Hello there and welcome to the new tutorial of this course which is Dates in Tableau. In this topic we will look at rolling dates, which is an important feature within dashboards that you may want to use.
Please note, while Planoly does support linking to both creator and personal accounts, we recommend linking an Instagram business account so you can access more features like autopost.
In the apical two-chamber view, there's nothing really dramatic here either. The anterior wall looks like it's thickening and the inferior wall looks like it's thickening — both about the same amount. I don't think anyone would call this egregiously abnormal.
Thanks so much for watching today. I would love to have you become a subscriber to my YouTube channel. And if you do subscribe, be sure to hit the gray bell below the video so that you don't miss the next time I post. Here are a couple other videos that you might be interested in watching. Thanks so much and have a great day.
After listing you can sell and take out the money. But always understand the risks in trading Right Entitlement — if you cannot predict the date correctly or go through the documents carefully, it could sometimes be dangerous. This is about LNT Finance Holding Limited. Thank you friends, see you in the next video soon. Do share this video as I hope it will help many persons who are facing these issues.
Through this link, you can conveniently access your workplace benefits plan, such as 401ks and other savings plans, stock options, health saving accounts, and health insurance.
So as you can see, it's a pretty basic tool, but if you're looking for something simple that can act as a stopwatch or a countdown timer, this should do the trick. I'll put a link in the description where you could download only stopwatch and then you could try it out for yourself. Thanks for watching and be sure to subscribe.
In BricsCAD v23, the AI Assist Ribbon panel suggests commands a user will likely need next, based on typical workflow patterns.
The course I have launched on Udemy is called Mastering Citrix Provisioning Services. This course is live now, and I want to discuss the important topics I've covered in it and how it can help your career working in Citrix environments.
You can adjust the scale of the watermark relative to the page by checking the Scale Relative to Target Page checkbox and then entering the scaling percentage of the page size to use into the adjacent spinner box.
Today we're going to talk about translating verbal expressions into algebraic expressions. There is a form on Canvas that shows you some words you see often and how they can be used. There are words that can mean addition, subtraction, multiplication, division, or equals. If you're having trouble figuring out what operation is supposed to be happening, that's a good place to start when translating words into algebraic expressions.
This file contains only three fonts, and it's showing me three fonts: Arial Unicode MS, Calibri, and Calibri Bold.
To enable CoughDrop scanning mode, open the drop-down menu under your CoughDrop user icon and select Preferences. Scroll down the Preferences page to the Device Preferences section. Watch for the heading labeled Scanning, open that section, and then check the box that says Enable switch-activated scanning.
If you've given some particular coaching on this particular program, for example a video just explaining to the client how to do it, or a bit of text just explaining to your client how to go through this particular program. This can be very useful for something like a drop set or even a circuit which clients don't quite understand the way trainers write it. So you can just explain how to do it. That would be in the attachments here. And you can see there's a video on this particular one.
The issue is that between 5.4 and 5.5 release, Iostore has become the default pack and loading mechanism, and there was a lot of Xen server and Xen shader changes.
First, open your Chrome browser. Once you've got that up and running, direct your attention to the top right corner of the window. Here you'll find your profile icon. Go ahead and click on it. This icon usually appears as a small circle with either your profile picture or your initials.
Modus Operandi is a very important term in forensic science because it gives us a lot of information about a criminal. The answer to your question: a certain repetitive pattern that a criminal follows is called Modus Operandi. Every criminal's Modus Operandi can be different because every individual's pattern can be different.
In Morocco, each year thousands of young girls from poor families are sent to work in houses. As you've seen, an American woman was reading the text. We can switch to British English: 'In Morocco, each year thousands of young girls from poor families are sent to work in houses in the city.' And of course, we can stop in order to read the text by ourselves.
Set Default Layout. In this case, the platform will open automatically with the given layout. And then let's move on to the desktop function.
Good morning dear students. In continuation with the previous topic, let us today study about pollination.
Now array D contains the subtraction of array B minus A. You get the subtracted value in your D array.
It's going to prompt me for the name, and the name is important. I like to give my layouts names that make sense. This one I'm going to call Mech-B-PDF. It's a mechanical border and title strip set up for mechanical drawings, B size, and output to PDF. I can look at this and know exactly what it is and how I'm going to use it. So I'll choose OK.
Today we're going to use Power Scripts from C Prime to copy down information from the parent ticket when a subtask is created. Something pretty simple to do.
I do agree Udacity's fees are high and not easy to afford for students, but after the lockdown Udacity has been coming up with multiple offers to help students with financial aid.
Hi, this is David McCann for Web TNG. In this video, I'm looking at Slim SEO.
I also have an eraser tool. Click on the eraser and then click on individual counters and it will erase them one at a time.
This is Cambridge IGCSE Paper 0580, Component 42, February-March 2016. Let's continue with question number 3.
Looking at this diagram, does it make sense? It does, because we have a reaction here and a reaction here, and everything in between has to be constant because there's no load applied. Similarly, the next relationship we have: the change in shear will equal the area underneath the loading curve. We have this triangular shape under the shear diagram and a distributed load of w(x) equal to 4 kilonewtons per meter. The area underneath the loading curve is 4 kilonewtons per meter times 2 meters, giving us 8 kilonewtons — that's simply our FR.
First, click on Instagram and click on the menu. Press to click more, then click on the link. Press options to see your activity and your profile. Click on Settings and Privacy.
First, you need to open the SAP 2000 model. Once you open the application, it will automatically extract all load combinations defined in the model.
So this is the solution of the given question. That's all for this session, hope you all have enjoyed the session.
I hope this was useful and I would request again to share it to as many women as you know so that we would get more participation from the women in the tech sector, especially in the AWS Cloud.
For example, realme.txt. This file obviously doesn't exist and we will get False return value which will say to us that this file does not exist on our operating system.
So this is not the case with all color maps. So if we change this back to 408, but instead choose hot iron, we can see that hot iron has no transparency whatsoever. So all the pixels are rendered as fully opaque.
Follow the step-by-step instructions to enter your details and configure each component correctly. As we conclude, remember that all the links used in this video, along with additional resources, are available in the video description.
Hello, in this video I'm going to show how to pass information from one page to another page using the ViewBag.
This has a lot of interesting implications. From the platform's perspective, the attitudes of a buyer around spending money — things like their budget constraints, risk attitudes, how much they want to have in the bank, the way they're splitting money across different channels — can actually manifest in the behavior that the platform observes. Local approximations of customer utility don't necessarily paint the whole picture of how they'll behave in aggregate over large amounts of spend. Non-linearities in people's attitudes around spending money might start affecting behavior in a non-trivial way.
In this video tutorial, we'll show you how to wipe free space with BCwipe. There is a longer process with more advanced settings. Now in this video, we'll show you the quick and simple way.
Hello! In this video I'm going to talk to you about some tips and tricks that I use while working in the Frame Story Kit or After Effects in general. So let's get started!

= = =

▶ **Task requirements**
Write out the whole listing exactly.

▶ **Exercise output**
Hello there and welcome to the new tutorial of this course which is Dates in Tableau. In this topic we will look at rolling dates, which is an important feature within dashboards that you may want to use.
Please note, while Planoly does support linking to both creator and personal accounts, we recommend linking an Instagram business account so you can access more features like autopost.
In the apical two-chamber view, there's nothing really dramatic here either. The anterior wall looks like it's thickening and the inferior wall looks like it's thickening — both about the same amount. I don't think anyone would call this egregiously abnormal.
Thanks so much for watching today. I would love to have you become a subscriber to my YouTube channel. And if you do subscribe, be sure to hit the gray bell below the video so that you don't miss the next time I post. Here are a couple other videos that you might be interested in watching. Thanks so much and have a great day.
After listing you can sell and take out the money. But always understand the risks in trading Right Entitlement — if you cannot predict the date correctly or go through the documents carefully, it could sometimes be dangerous. This is about LNT Finance Holding Limited. Thank you friends, see you in the next video soon. Do share this video as I hope it will help many persons who are facing these issues.
Through this link, you can conveniently access your workplace benefits plan, such as 401ks and other savings plans, stock options, health saving accounts, and health insurance.
So as you can see, it's a pretty basic tool, but if you're looking for something simple that can act as a stopwatch or a countdown timer, this should do the trick. I'll put a link in the description where you could download only stopwatch and then you could try it out for yourself. Thanks for watching and be sure to subscribe.
In BricsCAD v23, the AI Assist Ribbon panel suggests commands a user will likely need next, based on typical workflow patterns.
The course I have launched on Udemy is called Mastering Citrix Provisioning Services. This course is live now, and I want to discuss the important topics I've covered in it and how it can help your career working in Citrix environments.
You can adjust the scale of the watermark relative to the page by checking the Scale Relative to Target Page checkbox and then entering the scaling percentage of the page size to use into the adjacent spinner box.
Today we're going to talk about translating verbal expressions into algebraic expressions. There is a form on Canvas that shows you some words you see often and how they can be used. There are words that can mean addition, subtraction, multiplication, division, or equals. If you're having trouble figuring out what operation is supposed to be happening, that's a good place to start when translating words into algebraic expressions.
This file contains only three fonts, and it's showing me three fonts: Arial Unicode MS, Calibri, and Calibri Bold.
To enable CoughDrop scanning mode, open the drop-down menu under your CoughDrop user icon and select Preferences. Scroll down the Preferences page to the Device Preferences section. Watch for the heading labeled Scanning, open that section, and then check the box that says Enable switch-activated scanning.
If you've given some particular coaching on this particular program, for example a video just explaining to the client how to do it, or a bit of text just explaining to your client how to go through this particular program. This can be very useful for something like a drop set or even a circuit which clients don't quite understand the way trainers write it. So you can just explain how to do it. That would be in the attachments here. And you can see there's a video on this particular one.
The issue is that between 5.4 and 5.5 release, Iostore has become the default pack and loading mechanism, and there was a lot of Xen server and Xen shader changes.
First, open your Chrome browser. Once you've got that up and running, direct your attention to the top right corner of the window. Here you'll find your profile icon. Go ahead and click on it. This icon usually appears as a small circle with either your profile picture or your initials.
Modus Operandi is a very important term in forensic science because it gives us a lot of information about a criminal. The answer to your question: a certain repetitive pattern that a criminal follows is called Modus Operandi. Every criminal's Modus Operandi can be different because every individual's pattern can be different.
In Morocco, each year thousands of young girls from poor families are sent to work in houses. As you've seen, an American woman was reading the text. We can switch to British English: 'In Morocco, each year thousands of young girls from poor families are sent to work in houses in the city.' And of course, we can stop in order to read the text by ourselves.
Set Default Layout. In this case, the platform will open automatically with the given layout. And then let's move on to the desktop function.
Good morning dear students. In continuation with the previous topic, let us today study about pollination.
Now array D contains the subtraction of array B minus A. You get the subtracted value in your D array.
It's going to prompt me for the name, and the name is important. I like to give my layouts names that make sense. This one I'm going to call Mech-B-PDF. It's a mechanical border and title strip set up for mechanical drawings, B size, and output to PDF. I can look at this and know exactly what it is and how I'm going to use it. So I'll choose OK.
Today we're going to use Power Scripts from C Prime to copy down information from the parent ticket when a subtask is created. Something pretty simple to do.
I do agree Udacity's fees are high and not easy to afford for students, but after the lockdown Udacity has been coming up with multiple offers to help students with financial aid.
Hi, this is David McCann for Web TNG. In this video, I'm looking at Slim SEO.
I also have an eraser tool. Click on the eraser and then click on individual counters and it will erase them one at a time.
This is Cambridge IGCSE Paper 0580, Component 42, February-March 2016. Let's continue with question number 3.
Looking at this diagram, does it make sense? It does, because we have a reaction here and a reaction here, and everything in between has to be constant because there's no load applied. Similarly, the next relationship we have: the change in shear will equal the area underneath the loading curve. We have this triangular shape under the shear diagram and a distributed load of w(x) equal to 4 kilonewtons per meter. The area underneath the loading curve is 4 kilonewtons per meter times 2 meters, giving us 8 kilonewtons — that's simply our FR.
First, click on Instagram and click on the menu. Press to click more, then click on the link. Press options to see your activity and your profile. Click on Settings and Privacy.
First, you need to open the SAP 2000 model. Once you open the application, it will automatically extract all load combinations defined in the model.
So this is the solution of the given question. That's all for this session, hope you all have enjoyed the session.
I hope this was useful and I would request again to share it to as many women as you know so that we would get more participation from the women in the tech sector, especially in the AWS Cloud.
For example, realme.txt. This file obviously doesn't exist and we will get False return value which will say to us that this file does not exist on our operating system.
So this is not the case with all color maps. So if we change this back to 408, but instead choose hot iron, we can see that hot iron has no transparency whatsoever. So all the pixels are rendered as fully opaque.
Follow the step-by-step instructions to enter your details and configure each component correctly. As we conclude, remember that all the links used in this video, along with additional resources, are available in the video description.
Hello, in this video I'm going to show how to pass information from one page to another page using the ViewBag.
This has a lot of interesting implications. From the platform's perspective, the attitudes of a buyer around spending money — things like their budget constraints, risk attitudes, how much they want to have in the bank, the way they're splitting money across different channels — can actually manifest in the behavior that the platform observes. Local approximations of customer utility don't necessarily paint the whole picture of how they'll behave in aggregate over large amounts of spend. Non-linearities in people's attitudes around spending money might start affecting behavior in a non-trivial way.
In this video tutorial, we'll show you how to wipe free space with BCwipe. There is a longer process with more advanced settings. Now in this video, we'll show you the quick and simple way.
Hello! In this video I'm going to talk to you about some tips and tricks that I use while working in the Frame Story Kit or After Effects in general. So let's get started!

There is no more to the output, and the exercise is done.